There are more models of electric cars available on the market from more manufacturers than ever before–and car design is the most radical it’s been in decades. So what’s the holdup?

The real reason you probably won’t buy an electric car this year

The Honda E [Photo: Honda]

BY Mark Wilson9 minute read

After decades of will-they-won’t-they, electric cars finally seem to be having their moment. Beyond the ever-growing lineup from Tesla–which is expected to launch a sub-$40,000 electric SUV this week–Hyundai, Kia, and Audi have all committed to releasing new electric vehicles this year.

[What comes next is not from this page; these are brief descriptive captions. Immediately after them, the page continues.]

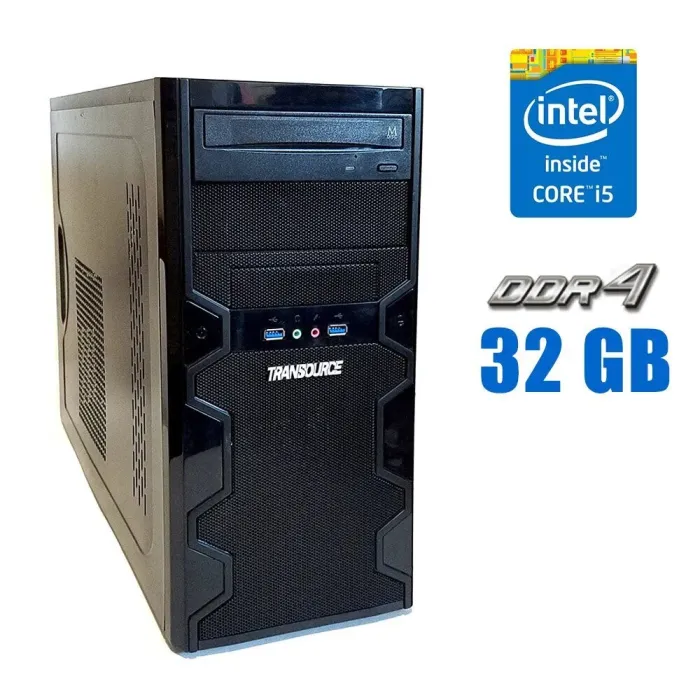 Комп'ютер Transource MIR-B1800M Tower / Intel Core i5-9600 (6 ядер по 3.1 - 4.6 GHz) / 32 GB DDR4 / 256 GB SSD M.2 / Intel UHD Graphics 630 / DVD-RW б/в - зображення 1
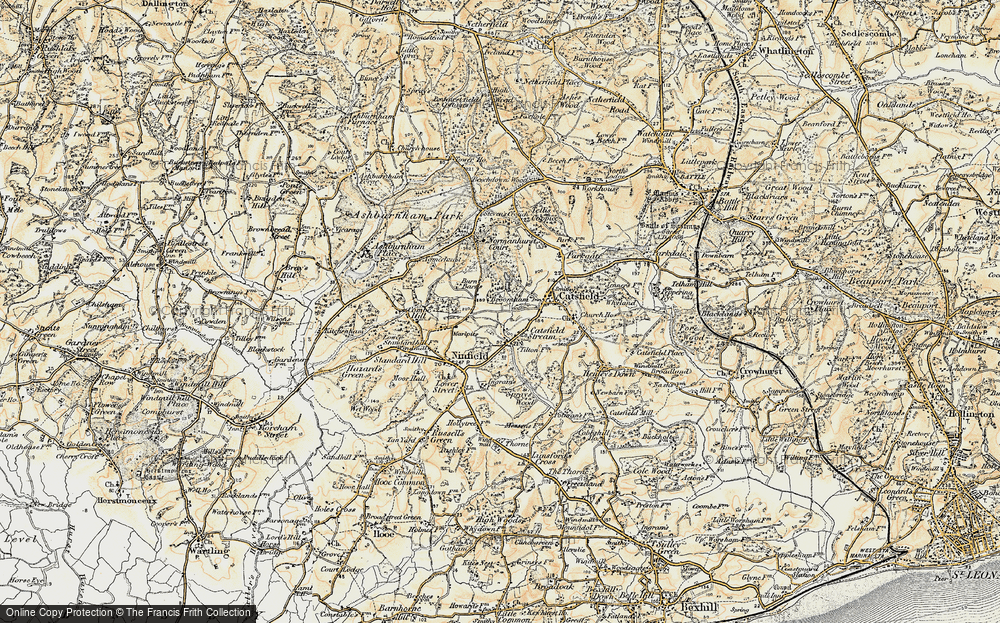 Old Map of Catsfield Stream, 1898 in 1898
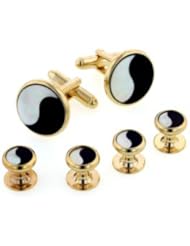 JJ Weston yellow gold plated Ying and Yang cufflinks and shirt studs formal set with mother of pearl and onyx. Presentation boxed. Made in the U.S.A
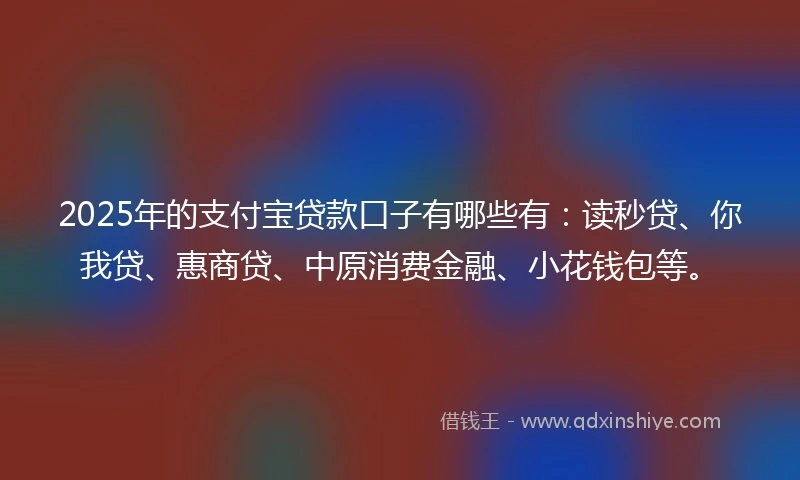 2025年的支付宝贷款口子有哪些有：读秒贷、你我贷、惠商贷、中原消费金融、小花钱包等。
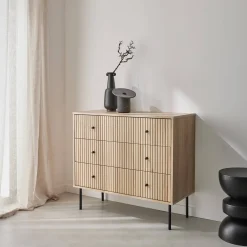 3-drawer chest with grooved wooden-effect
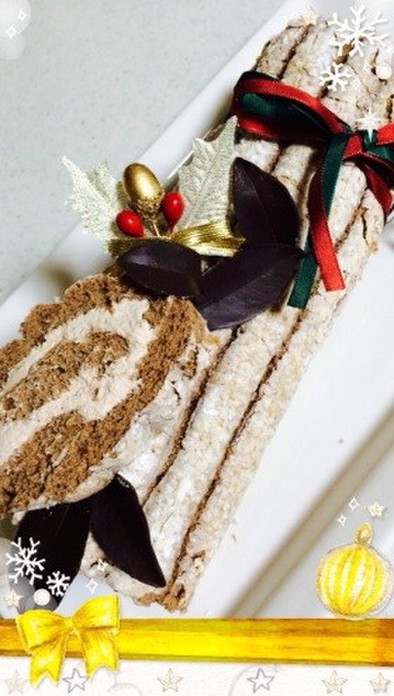 クリスマスケーキ☆ブッシュドノエルの写真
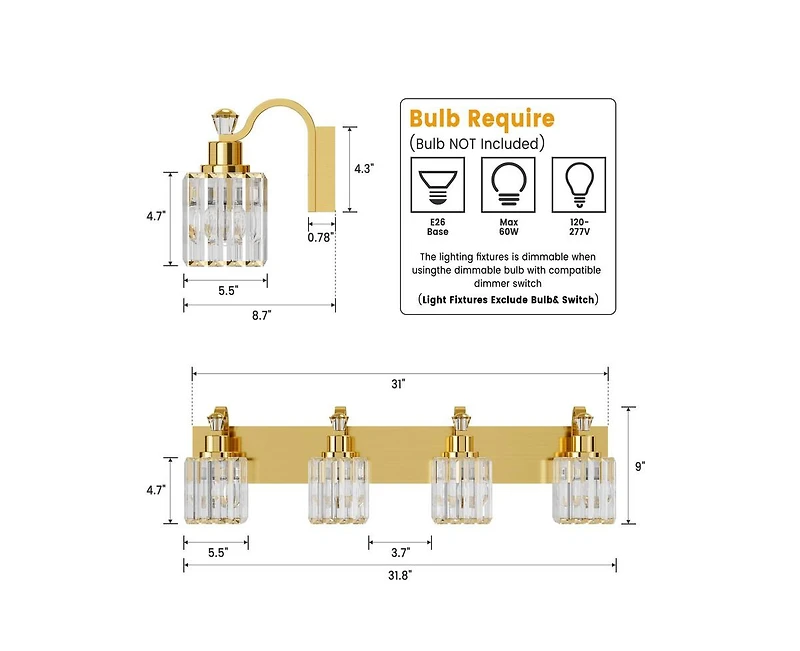 gaomon Modern Crystal Bathroom Vanity Lights Gold Bathroom Light Fixtures Crystal Vanity Shower Lights Over Mirror, Mirror Glass Crystal Bathroom Vani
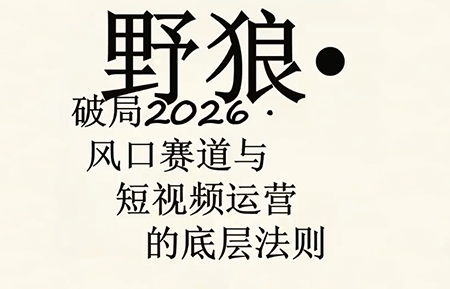 野狼团队·多平台实操运营课(更新4月)-快名资源网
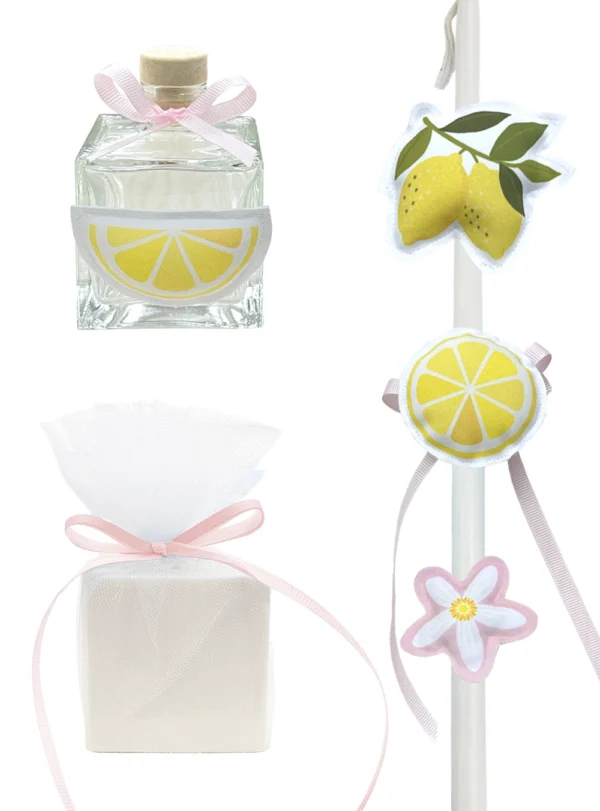 LEMON IN PINK Λαδοσέτ Βάπτισης Lemon In Pink
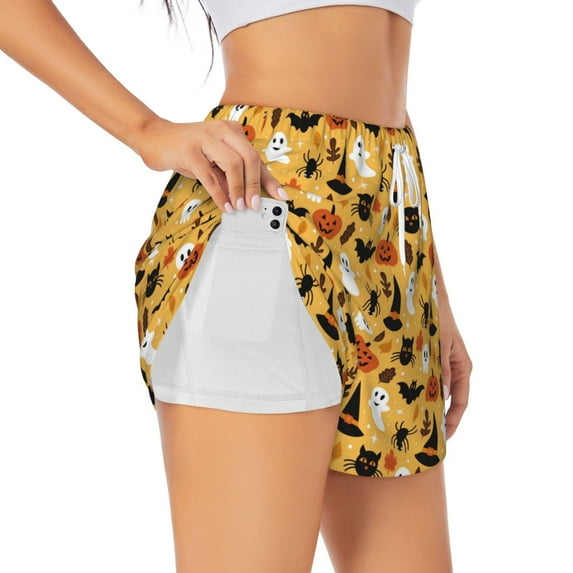 Easygdp Halloween Ghost Pumpkin for Women's Athletic Shorts - High-Waist, Quick-Dry Workout Shorts with Pockets, Ideal for Running, Yoga, and Training-Medium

At the recent Geneva auto show, the announcements kept coming. Honda showed off an urban two-door called the Honda E, coming to Europe this year. Fiat teased a car concept with replaceable panels that you can swap on and off as easily as changing your clothes. Volkswagen debuted the ID Buggy–a conceptual dune buggy, with no roof, that can go 0 to 60 miles an hour in seven seconds. In theory! But fun!

There are more models of electric cars available on the market from more manufacturers than ever before–and car design is the most radical it’s been in decades. At last, the leap to electrification feels inevitable. But that doesn’t mean the work is done. Electric cars still face a slew of challenges, ranging from their design, to their perception, to their production. I spoke to Chelsea Sexton–a consultant and EV advocate who worked at GM during its self-destructed electric car push in the late ’90s–about why the electric spike may be a bit further off than we think.

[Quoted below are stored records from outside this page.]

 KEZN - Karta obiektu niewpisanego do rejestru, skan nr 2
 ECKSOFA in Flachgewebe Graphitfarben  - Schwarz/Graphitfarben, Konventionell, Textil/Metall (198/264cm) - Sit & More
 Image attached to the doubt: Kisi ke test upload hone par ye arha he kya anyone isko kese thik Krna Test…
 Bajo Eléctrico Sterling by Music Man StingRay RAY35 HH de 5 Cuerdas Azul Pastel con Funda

Volkswagen’s concept ID Buggy [Photo: Volkswagen]

First, the good news

By all means, electric vehicles are making huge strides, for all sorts of reasons. Most of all, the cars are just better than they used to be.

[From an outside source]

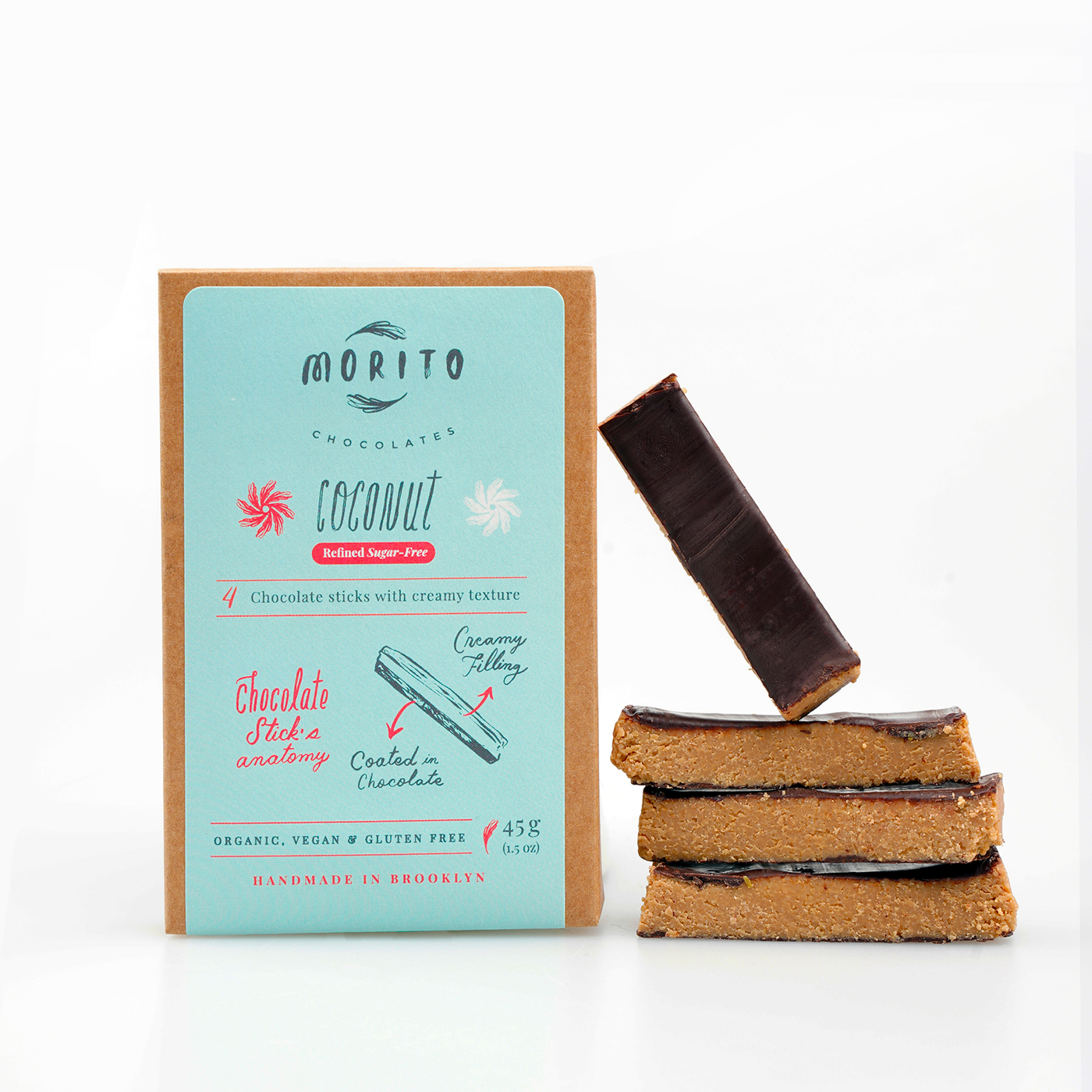 Morito Chocolates coconut chocolate sticks packaging with bars on a white background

“The vehicles themselves are becoming more compelling,” says Sexton. “They’re getting larger, the range is getting better. And they’re landing at the average car price in this country–$35,000.” That’s largely thanks to declining battery prices, which dropped 50% in a period of three years.

The Hyundai Kona electric is perhaps the best articulation of these converging trends. It’s a relatively typical-looking crossover (or small SUV) that would blend in with any other on the street. Starting at $36,450, and at dealers now, it that has 258 miles of range per charge. (The world’s first electric car, 1996 GM EV1, a two-seater that got 70-100 miles per charge–meaning range has doubled to quadrupled over two decades, and for a larger, family vehicle.)

It’s impossible to understand how important models like the Kona are to the industry without understanding how people buy cars today. In short, not as many people in the U.S. buy sedans as other vehicles. We live in the age of the crossover, which along with trucks, outsell sedans by roughly 2:1.

The Hyundai Kona Electric. [Photo: Hyundai]

So if you want to sell an electric vehicle today, it should be a crossover. Case in point: Teslas already outsell all luxury sedans, even gas sedans, by an embarrassing margin, but the brand is only beating sedans. Tesla sold 25,000 of its budget, Model 3 car in December 2018. That same month, Nissan, Toyota, and Honda each sold roughly 40,000 Rogues, Rav4s, and CR-Vs, respectively.

Thus far, electric crossovers have been fairly elusive, let alone affordable electric crossovers. Tesla’s Model X crossover is its most expensive vehicle, with an MSRP that starts over $80,000.

In this regard, cars like the electric Kona are potentially game-changing. Elon Musk’s obsession with a true $35,000 Tesla Model 3–a benchmark the company was just able to hit this month–makes a lot of sense, too, when you realize he’s been trying to limbo Teslas into mainstream car-spending habits. It makes even more sense when you consider Tesla’s next move, the Model Y, expected to be announced soon. It’s a Model 3 turned into a crossover, which Musk has said will be about 10% bigger and 10% more expensive than a Model 3.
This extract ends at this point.